Find the line below with "Thor Jacot Profile Photo" and the line with "Image:3haf bio r 500.jpg". Output them and the lines between, exactly, but not the pictures.

** Records for processing **
═══

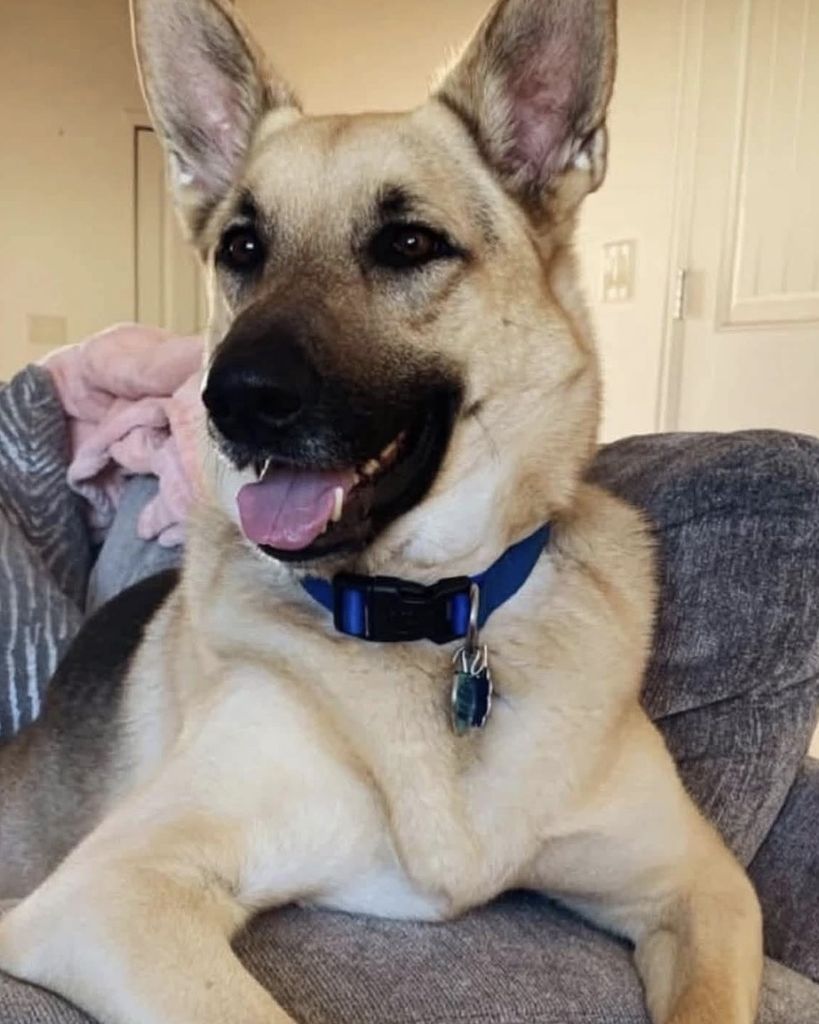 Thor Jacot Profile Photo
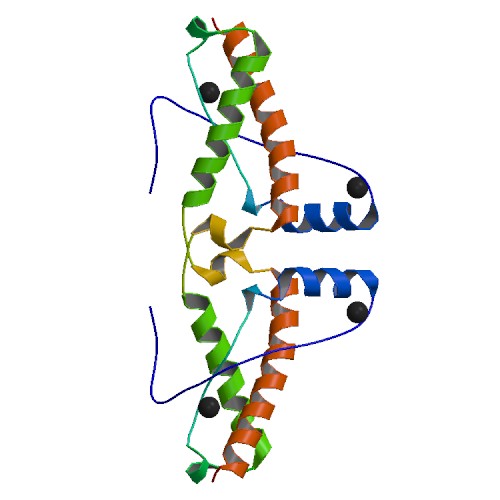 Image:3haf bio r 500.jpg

═══

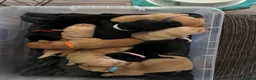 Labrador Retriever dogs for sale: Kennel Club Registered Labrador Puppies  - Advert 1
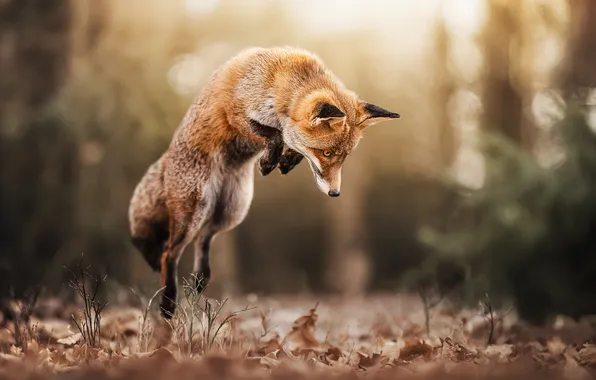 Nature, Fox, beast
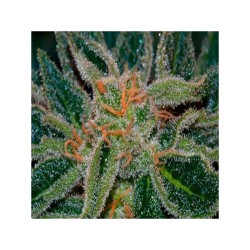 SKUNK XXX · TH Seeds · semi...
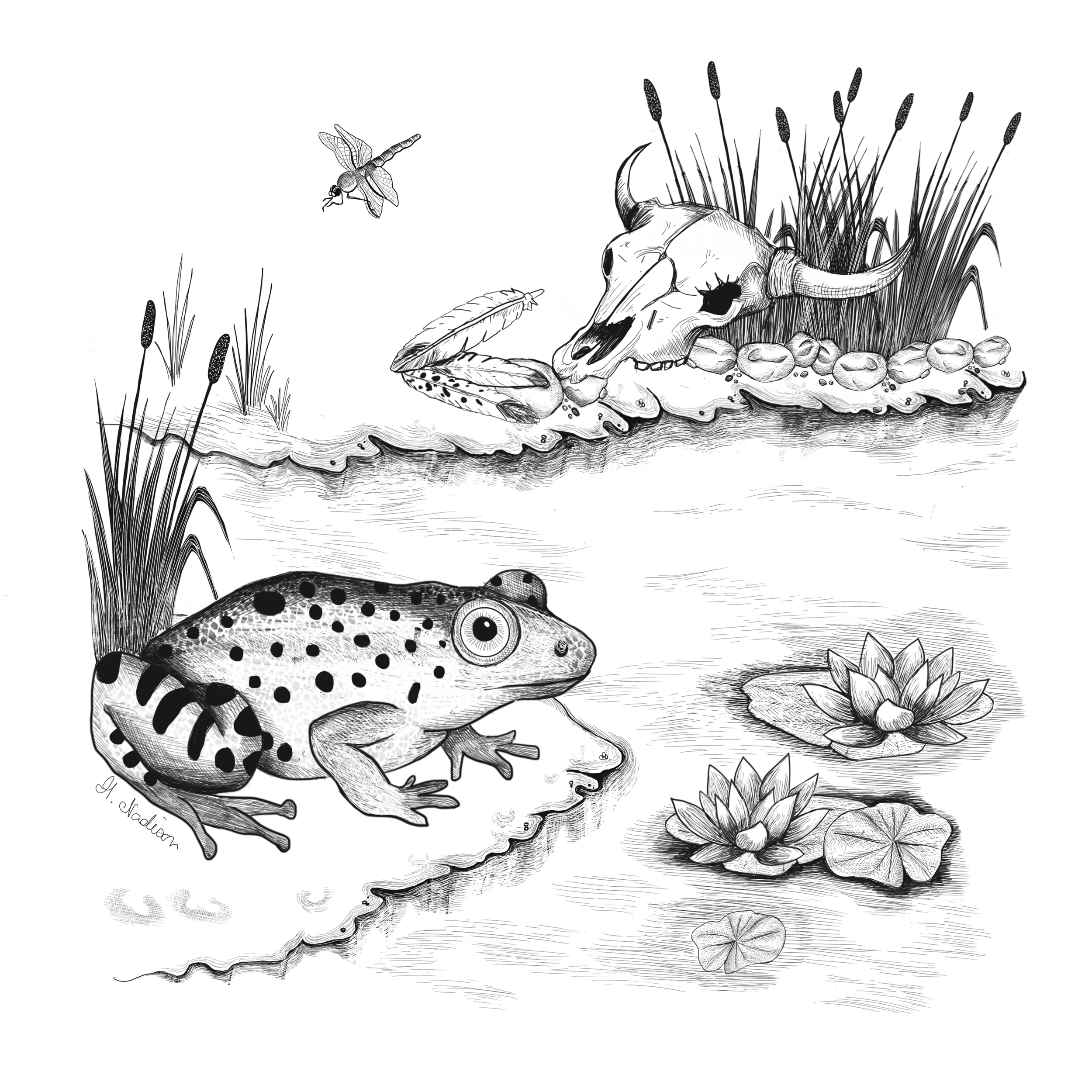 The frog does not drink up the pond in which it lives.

═══

** Result **
 Thor Jacot Profile Photo
 Image:3haf bio r 500.jpg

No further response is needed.